- Directions: Write the records below out again word for word, with the pictures removed.

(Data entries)
****

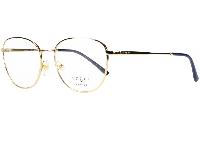 VOGUE VO4231 848 Lunette de vue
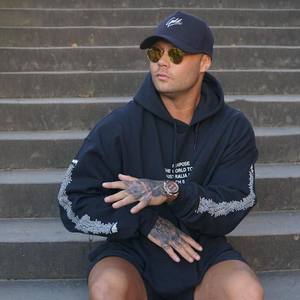 Kane Kirby资料,Kane Kirby最新歌曲,Kane KirbyMV视频,Kane Kirby音乐专辑,Kane Kirby好听的歌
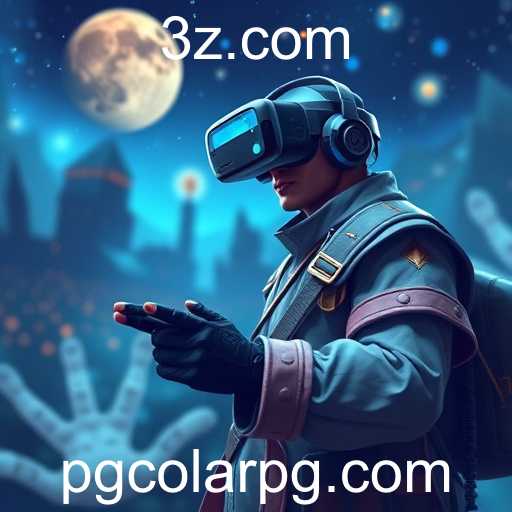 Ascensão dos Jogos Online em 2025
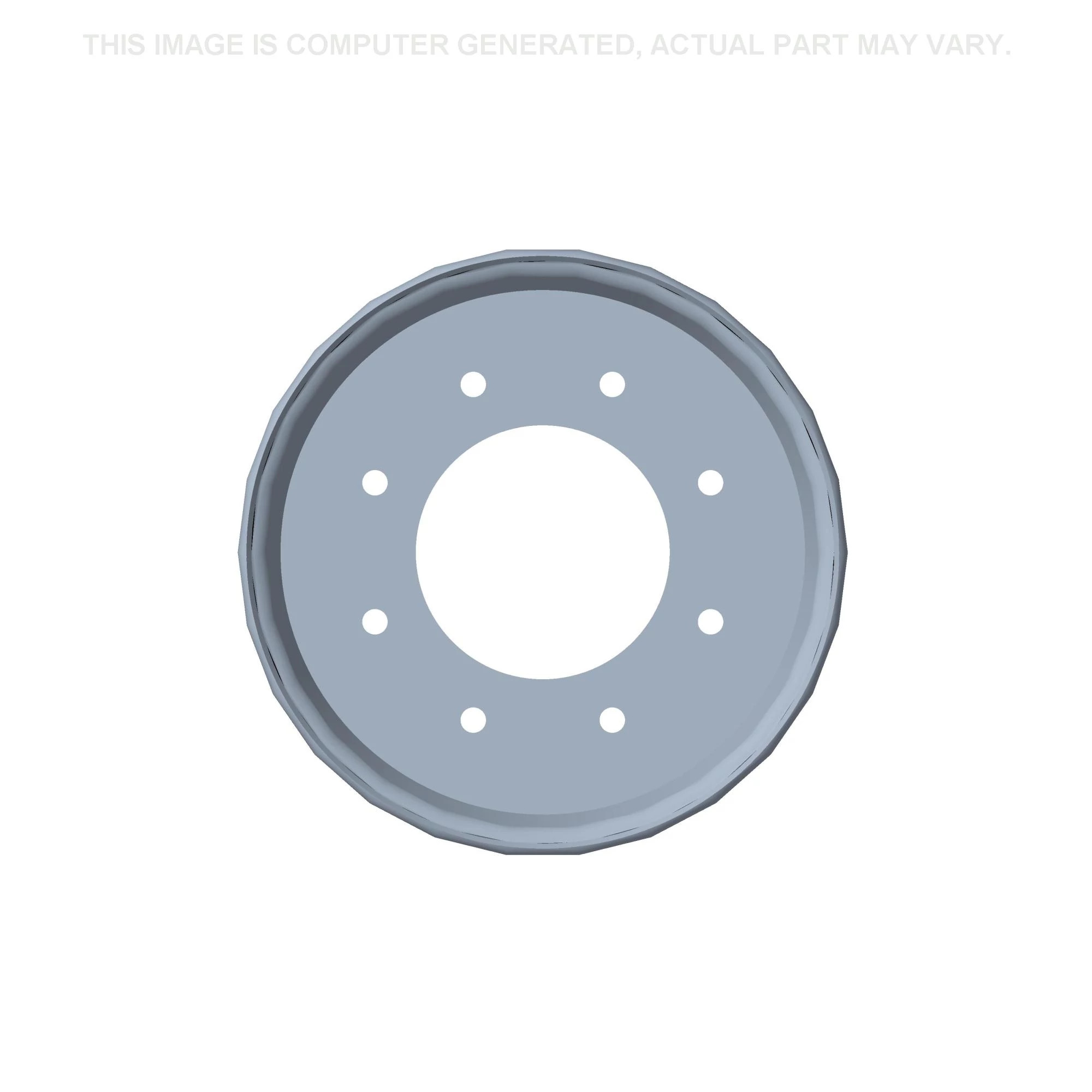 WHEEL | NEWHOLLANDAG | CA | EN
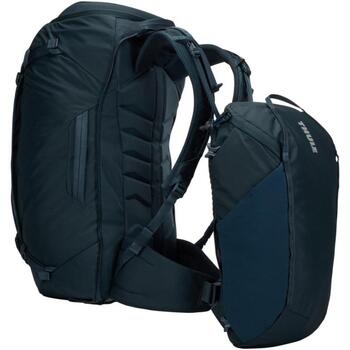 Thule Рюкзак 3205317, 70 L, 2.07 кг, 49 см, 33 см, 63 см, 420D добби полиэстер, поясной ремень (3205317)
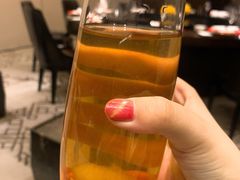 -丽晶轩中餐厅(重庆丽晶酒店)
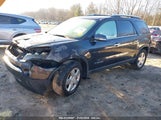 GMC ACADIA SLT-1 1GKER23767J136447 снимка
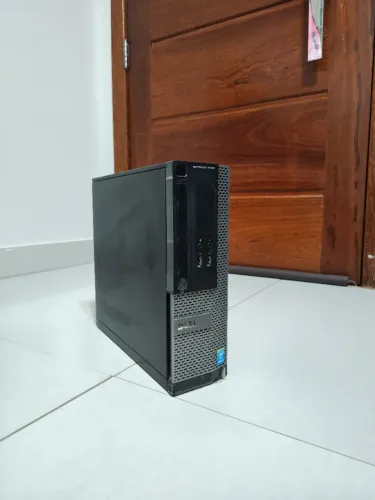 Computador Dell OptiPlex 3020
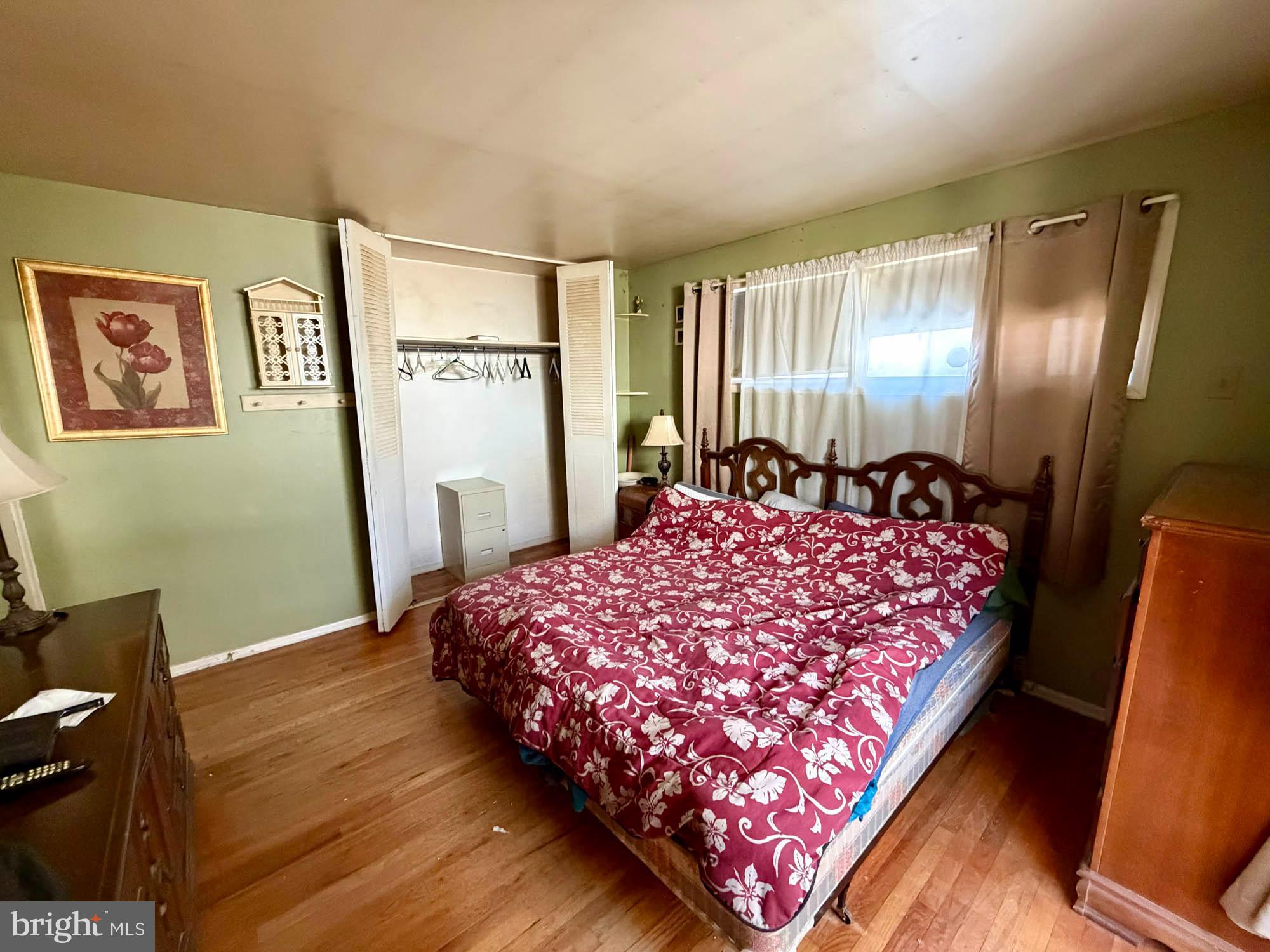 DONNYBROOK - Residential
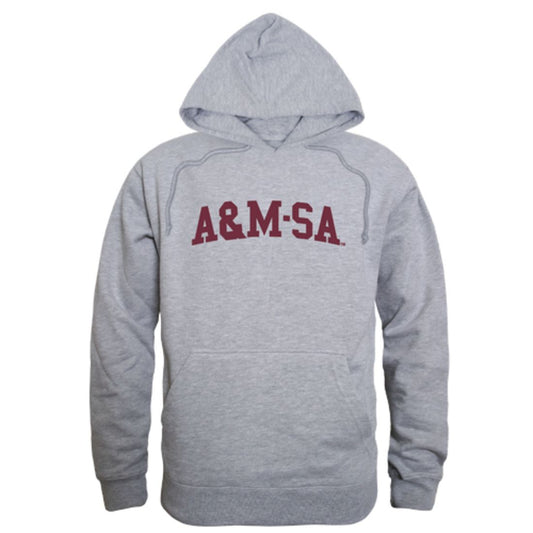 Texas-A&M-University-San-Antonio-Jaguars-Game-Day-Fleece-Hoodie-Sweatshirts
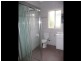 110 Orchard Rd, Chester Hill NSW 2162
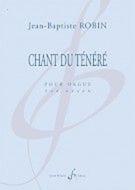 Chant du Tenere 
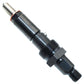 Fuel Injector Fits Cummins Replaces 3909476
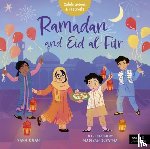 Khan, Sara - Ramadan and Eid al-Fitr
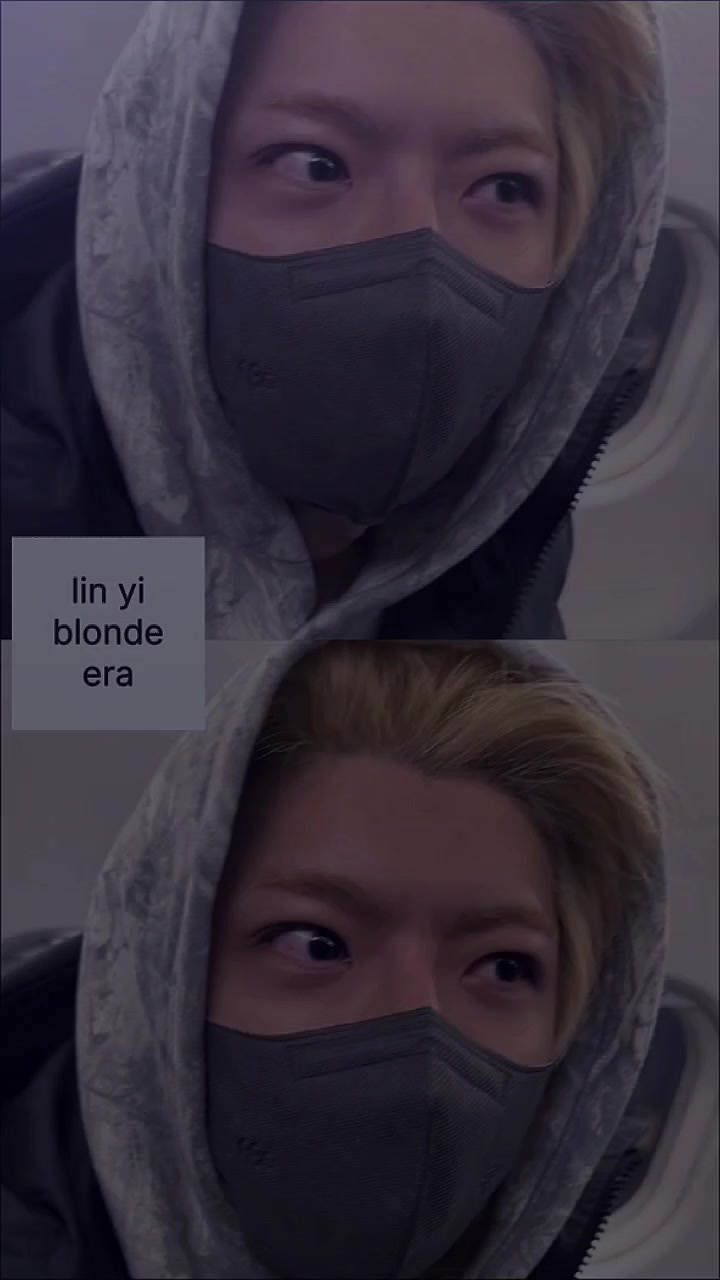 @Luzzyiyi࿐ ࿔𖦹 ⋆˚˖𓍢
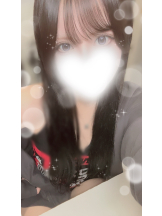 ビアガーデンカーニバル - ういの女の子ブログ画像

****

- Written reply:
 VOGUE VO4231 848 Lunette de vue
 Kane Kirby资料,Kane Kirby最新歌曲,Kane KirbyMV视频,Kane Kirby音乐专辑,Kane Kirby好听的歌
 Ascensão dos Jogos Online em 2025
 WHEEL | NEWHOLLANDAG | CA | EN
 Thule Рюкзак 3205317, 70 L, 2.07 кг, 49 см, 33 см, 63 см, 420D добби полиэстер, поясной ремень (3205317)
 -丽晶轩中餐厅(重庆丽晶酒店)
 GMC ACADIA SLT-1 1GKER23767J136447 снимка
 Computador Dell OptiPlex 3020
 DONNYBROOK - Residential
 Texas-A&M-University-San-Antonio-Jaguars-Game-Day-Fleece-Hoodie-Sweatshirts
 110 Orchard Rd, Chester Hill NSW 2162
 Chant du Tenere 
 Fuel Injector Fits Cummins Replaces 3909476
 Khan, Sara - Ramadan and Eid al-Fitr
 @Luzzyiyi࿐ ࿔𖦹 ⋆˚˖𓍢
 ビアガーデンカーニバル - ういの女の子ブログ画像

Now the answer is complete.